» Task to carry out
Word for word, restate the data that follows, omitting the images.

» Stored data

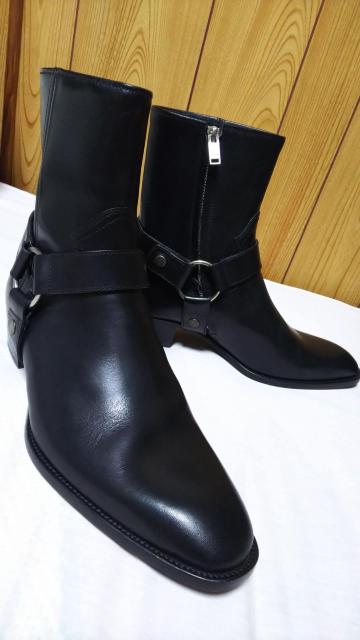 正規未 サンローランパリ ワイアット ハーネスリングヒールブーツ 黒 40 25.5~26.5 YSL メンズ 付属品 保証書有 < ブランド  正規未 サンローランパリ ワイアット ハーネスリングヒールブーツ 黒 40 25.5~26.5 YSL メンズ 付属品 保証書有 < ブランドの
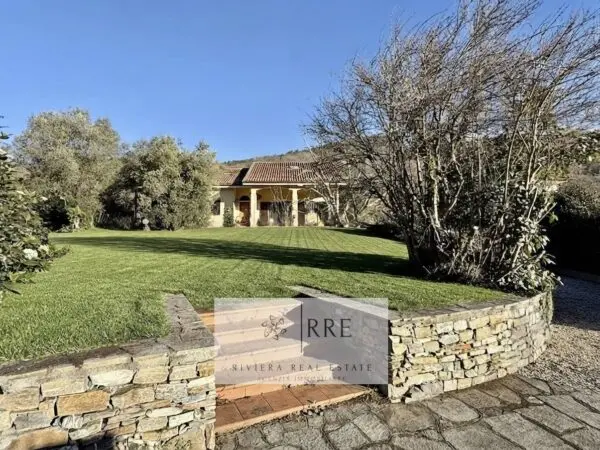 Villa via Borgata Chiappa, Garlenda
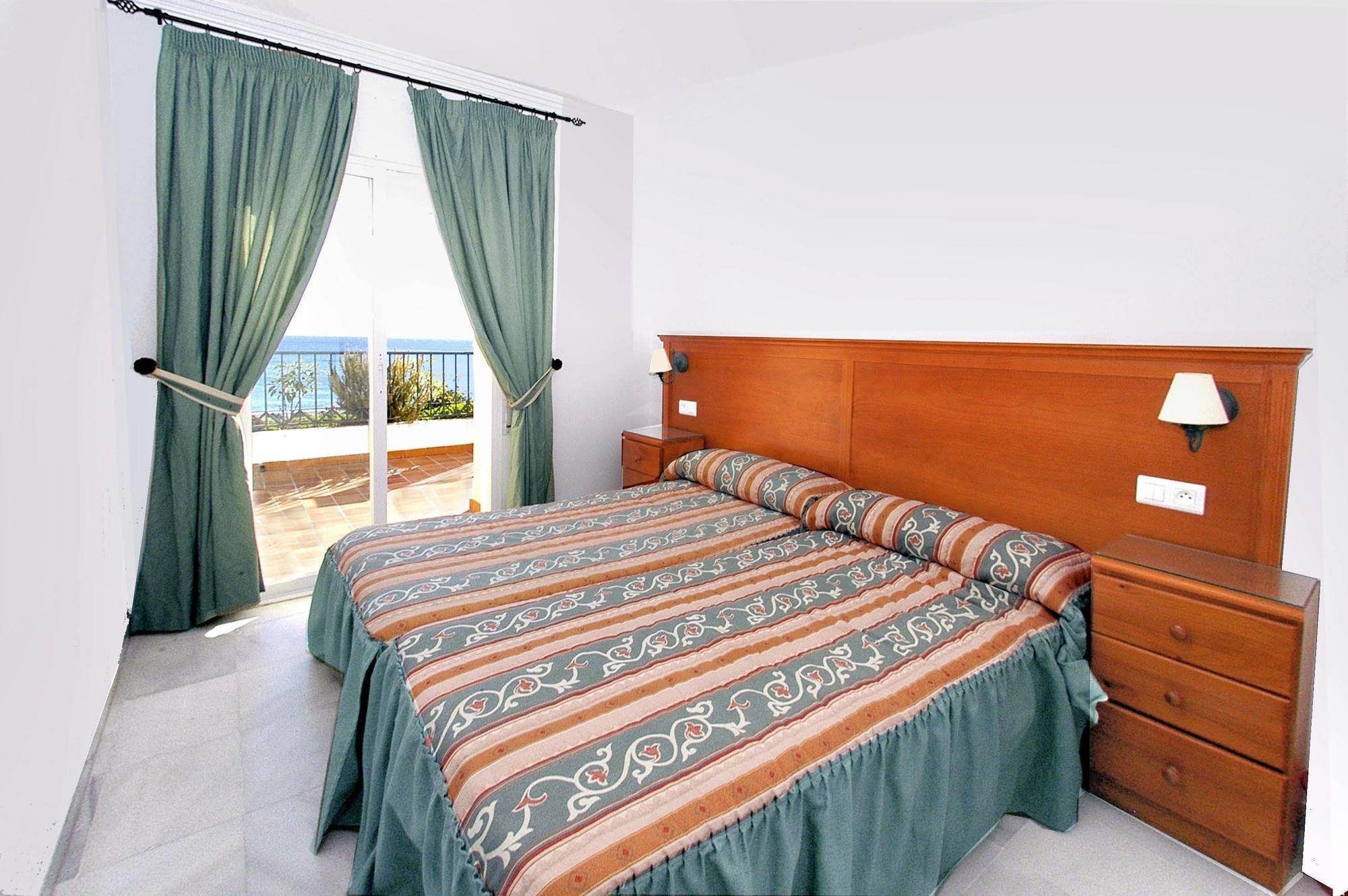 Apartamentos Hc Burriana Playa Nerja Exteriör bild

» Answer section
 正規未 サンローランパリ ワイアット ハーネスリングヒールブーツ 黒 40 25.5~26.5 YSL メンズ 付属品 保証書有 < ブランド  正規未 サンローランパリ ワイアット ハーネスリングヒールブーツ 黒 40 25.5~26.5 YSL メンズ 付属品 保証書有 < ブランドの
 Villa via Borgata Chiappa, Garlenda
 Apartamentos Hc Burriana Playa Nerja Exteriör bild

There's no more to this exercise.